Action item: Quote the whole listing exactly. Leave the pictures out of your copy.
-=-=-=-=-
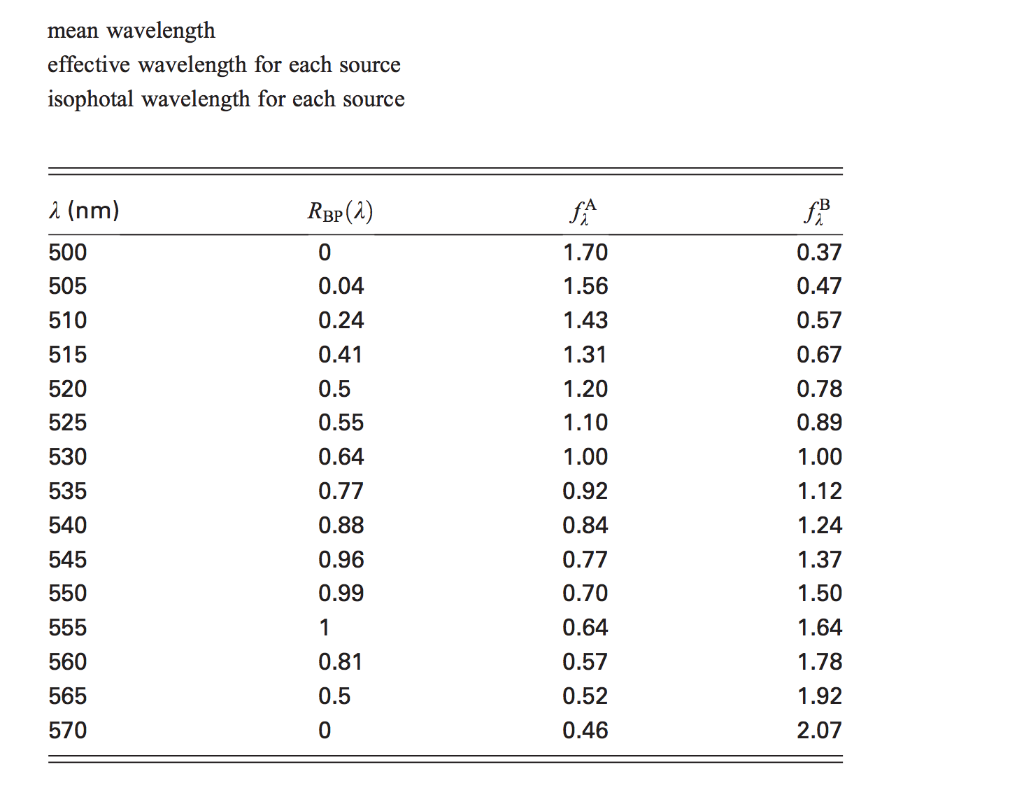 The table below gives the response function for a | Chegg.com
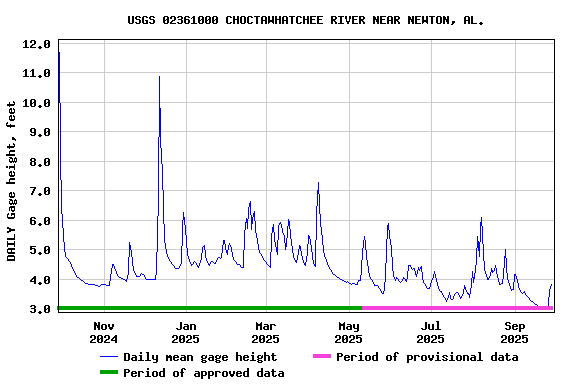 Graph of DAILY Gage height, feet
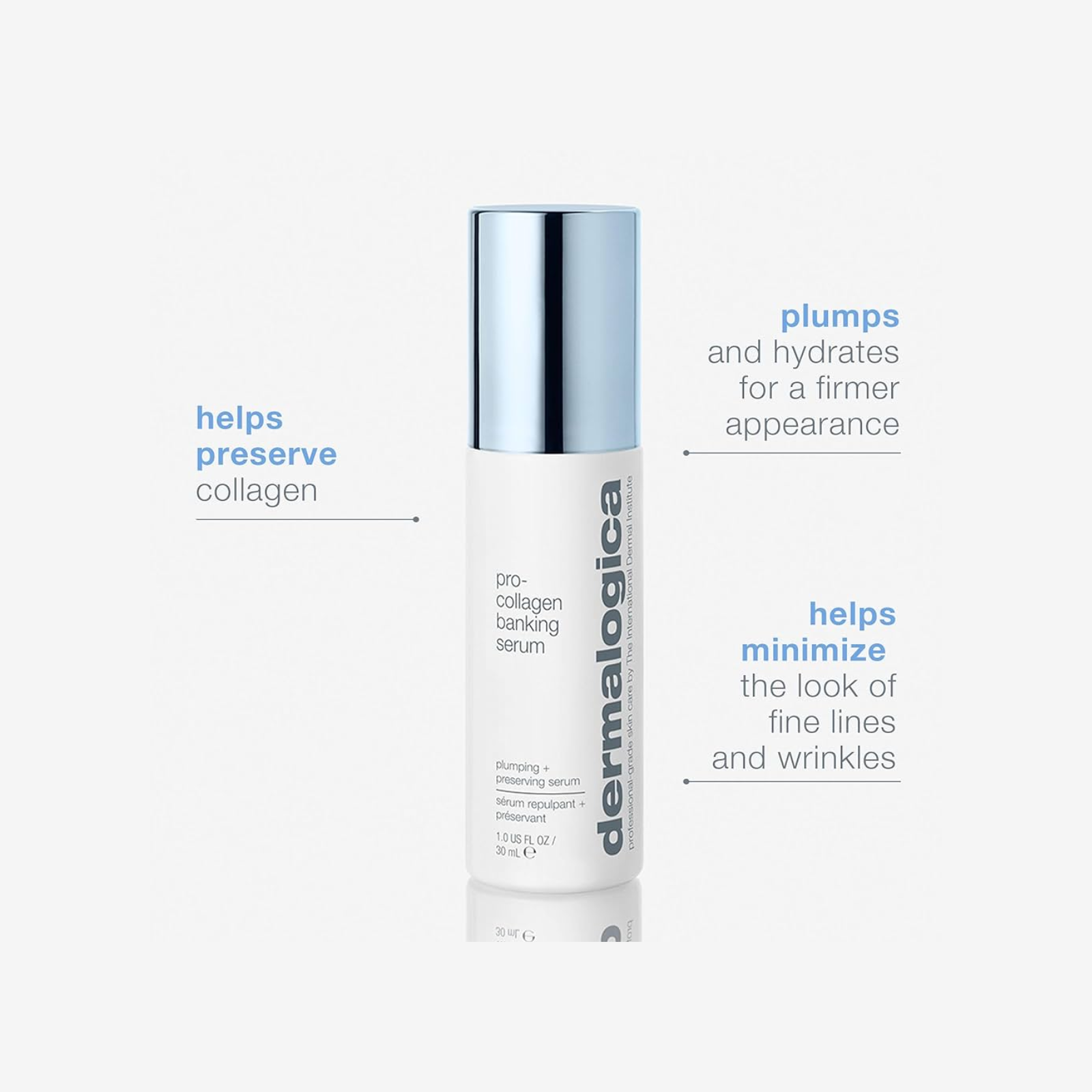 Dermalogica Collagen Banking Serum (Serum with collagen)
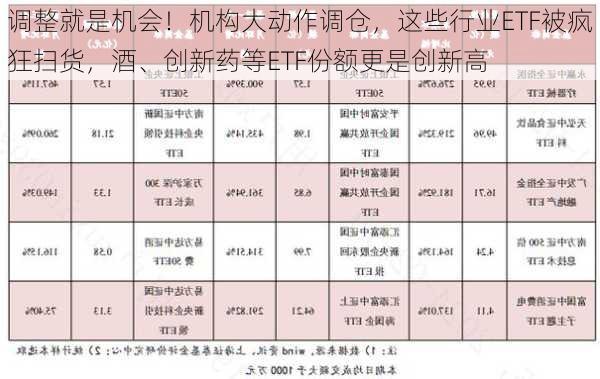 调整就是机会！机构大动作调仓，这些行业ETF被疯狂扫货，酒、创新药等ETF份额更是创新高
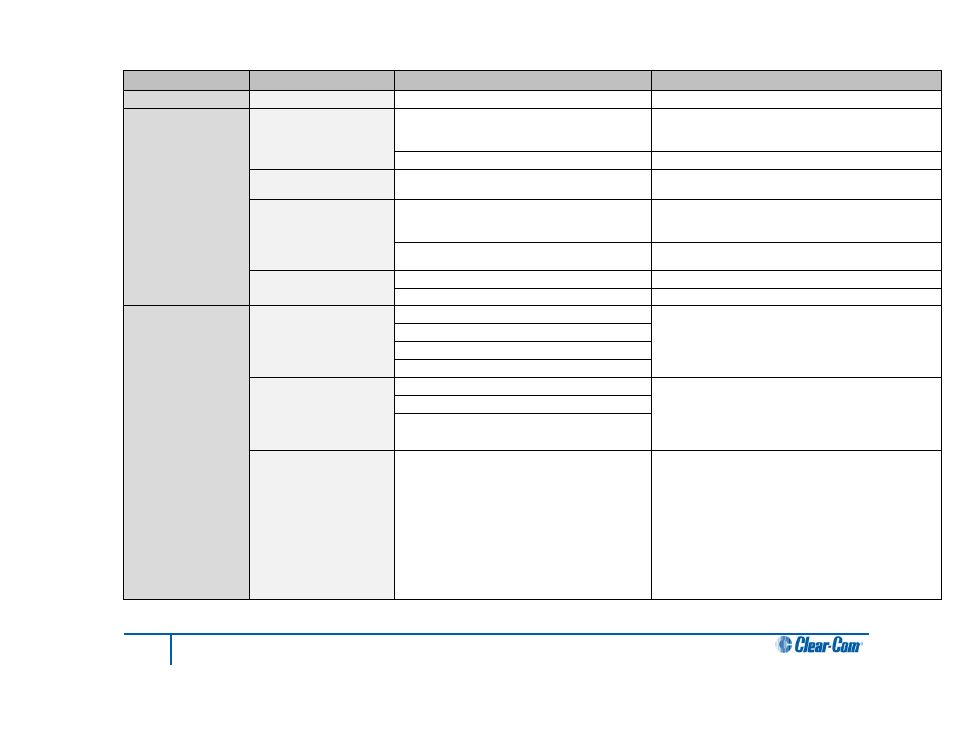 Clear-Com HLI-FBS User Manual | Page 176 / 197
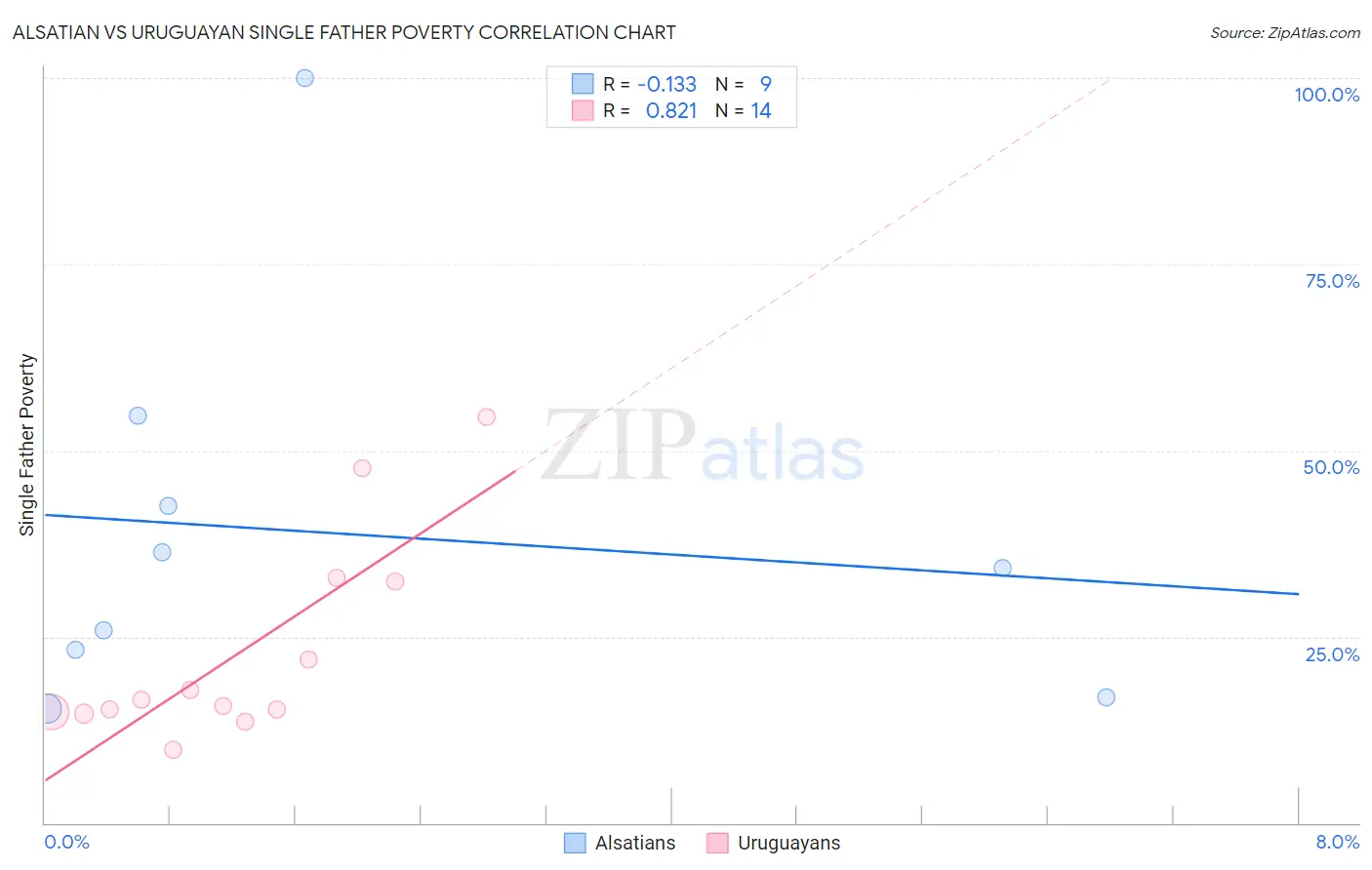 Alsatian vs Uruguayan Single Father Poverty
-=-=-=-=-
Exercise answer:
 The table below gives the response function for a | Chegg.com
 Graph of DAILY Gage height, feet
 Dermalogica Collagen Banking Serum (Serum with collagen)
 调整就是机会！机构大动作调仓，这些行业ETF被疯狂扫货，酒、创新药等ETF份额更是创新高
 Clear-Com HLI-FBS User Manual | Page 176 / 197
 Alsatian vs Uruguayan Single Father Poverty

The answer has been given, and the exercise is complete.